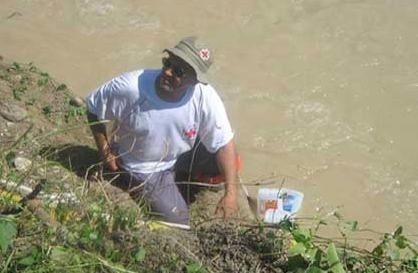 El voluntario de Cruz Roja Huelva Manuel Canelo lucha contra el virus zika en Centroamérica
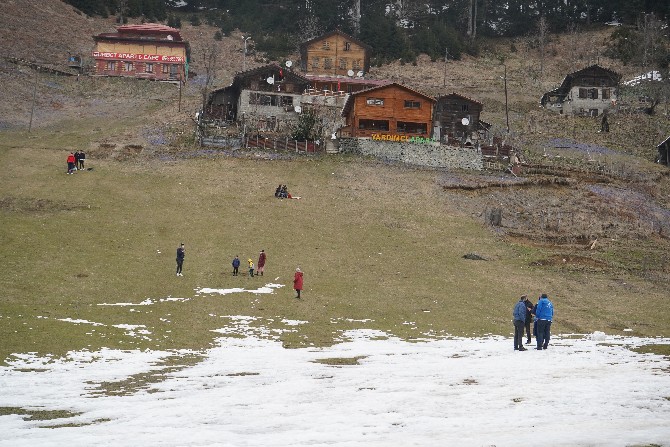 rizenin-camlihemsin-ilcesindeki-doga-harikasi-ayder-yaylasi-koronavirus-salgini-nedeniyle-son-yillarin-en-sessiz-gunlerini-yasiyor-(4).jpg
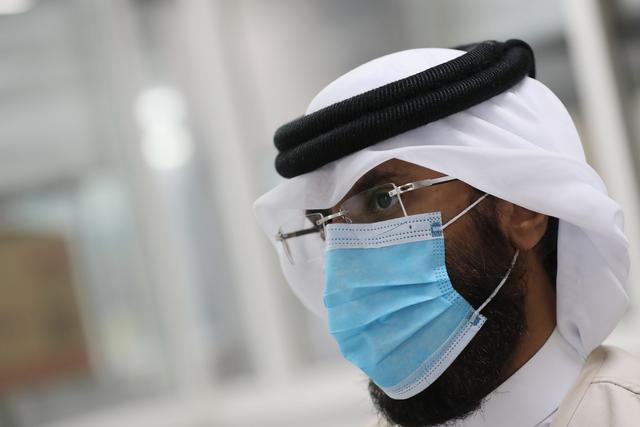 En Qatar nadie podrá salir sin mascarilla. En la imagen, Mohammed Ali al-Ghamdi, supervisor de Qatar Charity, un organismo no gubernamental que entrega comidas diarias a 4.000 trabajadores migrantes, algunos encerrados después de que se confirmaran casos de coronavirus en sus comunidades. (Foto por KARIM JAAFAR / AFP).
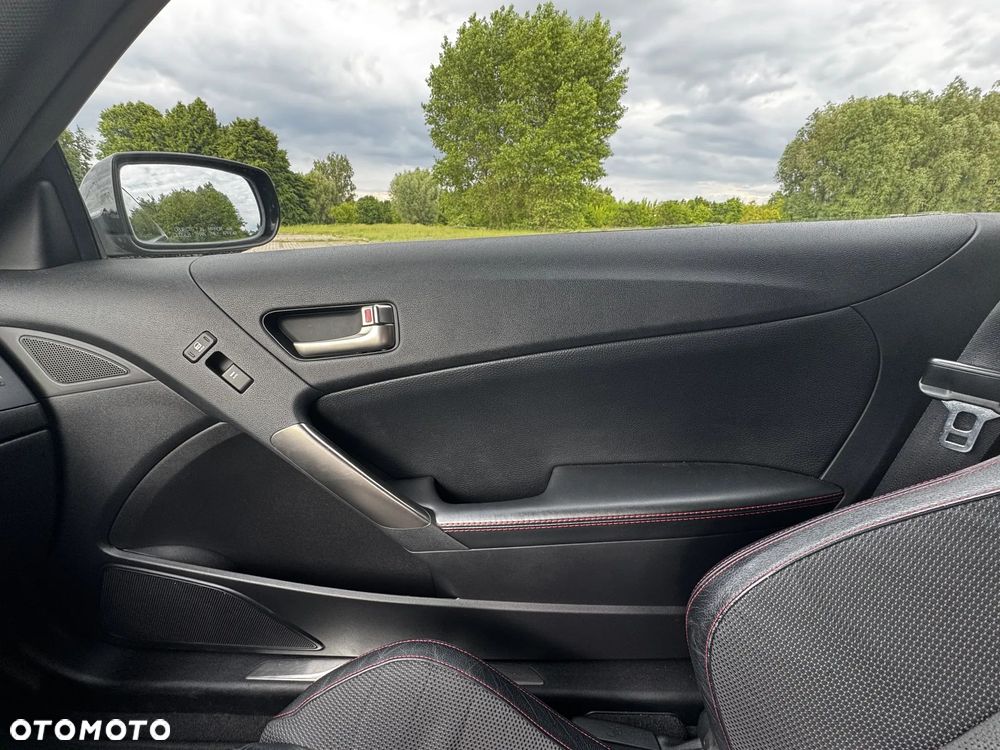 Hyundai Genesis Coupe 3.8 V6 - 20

============================================================

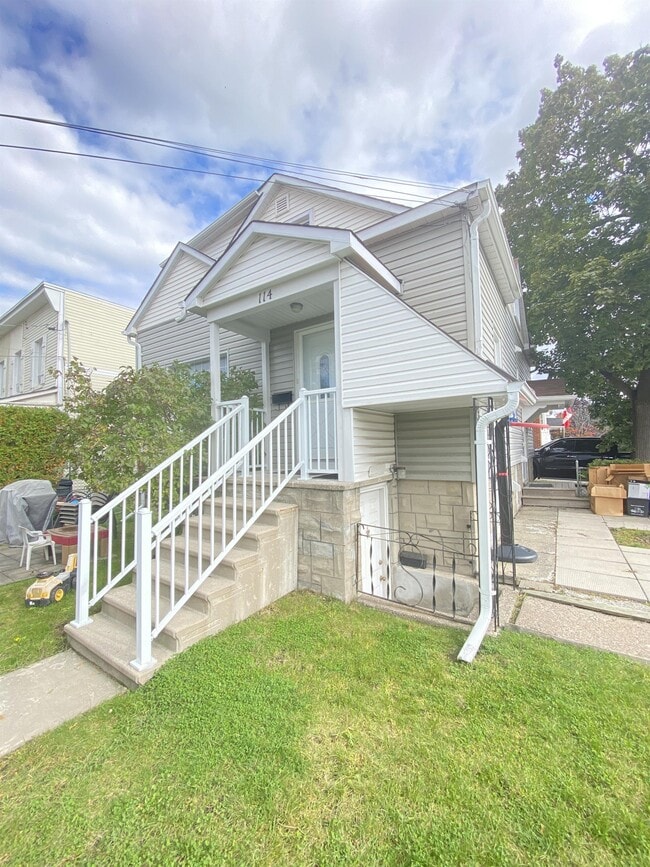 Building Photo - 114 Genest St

============================================================

▶ [How to complete this task]
Would you copy the lines above exactly, starting with the one that has "El voluntario de" and ending with the one that has "Hyundai Genesis Coupe 3.8 V6 - 20", both included, without the pictures?

▶ [Solution below]
 El voluntario de Cruz Roja Huelva Manuel Canelo lucha contra el virus zika en Centroamérica
 rizenin-camlihemsin-ilcesindeki-doga-harikasi-ayder-yaylasi-koronavirus-salgini-nedeniyle-son-yillarin-en-sessiz-gunlerini-yasiyor-(4).jpg
 En Qatar nadie podrá salir sin mascarilla. En la imagen, Mohammed Ali al-Ghamdi, supervisor de Qatar Charity, un organismo no gubernamental que entrega comidas diarias a 4.000 trabajadores migrantes, algunos encerrados después de que se confirmaran casos de coronavirus en sus comunidades. (Foto por KARIM JAAFAR / AFP).
 Hyundai Genesis Coupe 3.8 V6 - 20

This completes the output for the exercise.